*** Begin section ***

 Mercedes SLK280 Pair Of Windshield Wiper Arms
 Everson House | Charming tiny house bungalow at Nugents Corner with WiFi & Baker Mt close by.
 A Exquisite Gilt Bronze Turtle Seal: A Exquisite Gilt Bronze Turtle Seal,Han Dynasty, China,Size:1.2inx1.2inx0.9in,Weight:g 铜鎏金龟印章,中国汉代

*** End section ***
*** Begin section ***

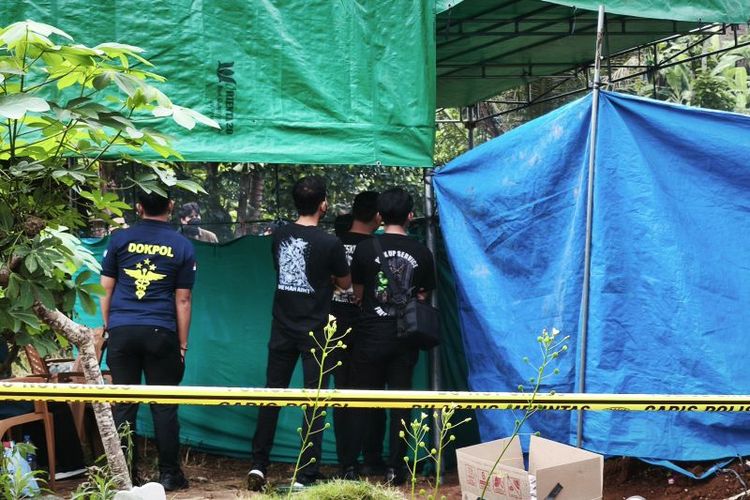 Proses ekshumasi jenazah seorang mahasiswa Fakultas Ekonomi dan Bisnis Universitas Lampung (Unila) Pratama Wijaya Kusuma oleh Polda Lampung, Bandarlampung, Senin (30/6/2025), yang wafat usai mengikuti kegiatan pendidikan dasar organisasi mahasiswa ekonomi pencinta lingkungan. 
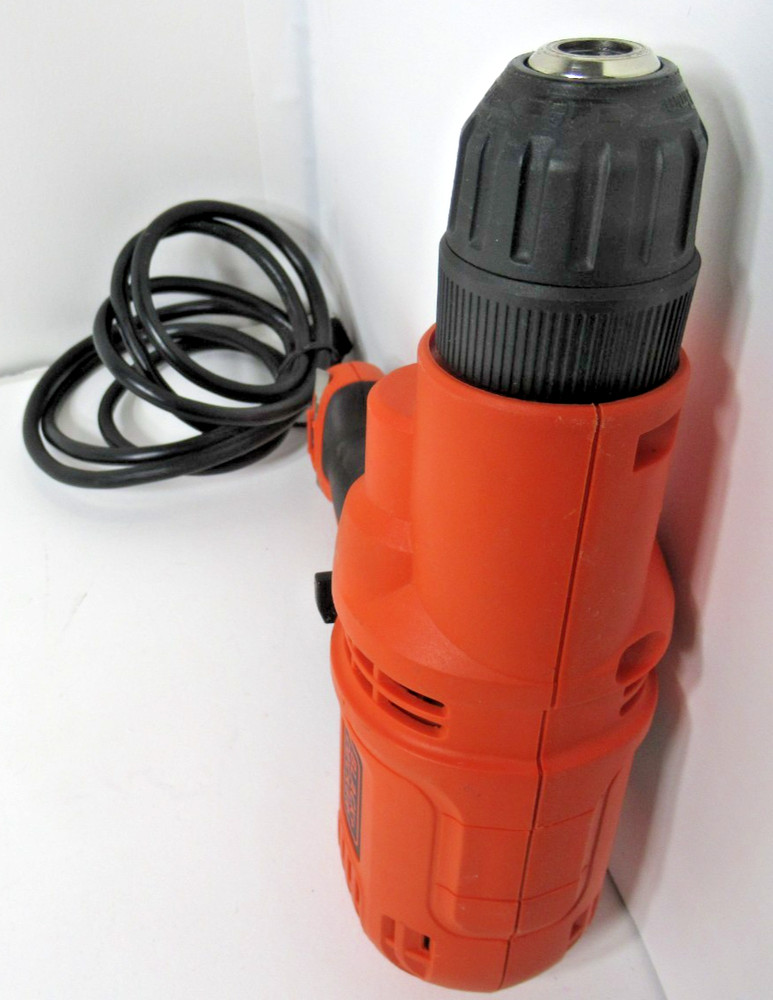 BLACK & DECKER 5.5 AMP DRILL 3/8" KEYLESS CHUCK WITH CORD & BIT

*** End section ***

● Exercise instructions
In the listing above, find the line with "Proses ekshumasi jenazah" and the line with "BLACK & DECKER". Set down exactly those lines and everything between them, skipping pictures.

● Result of the task
 Proses ekshumasi jenazah seorang mahasiswa Fakultas Ekonomi dan Bisnis Universitas Lampung (Unila) Pratama Wijaya Kusuma oleh Polda Lampung, Bandarlampung, Senin (30/6/2025), yang wafat usai mengikuti kegiatan pendidikan dasar organisasi mahasiswa ekonomi pencinta lingkungan. 
 BLACK & DECKER 5.5 AMP DRILL 3/8" KEYLESS CHUCK WITH CORD & BIT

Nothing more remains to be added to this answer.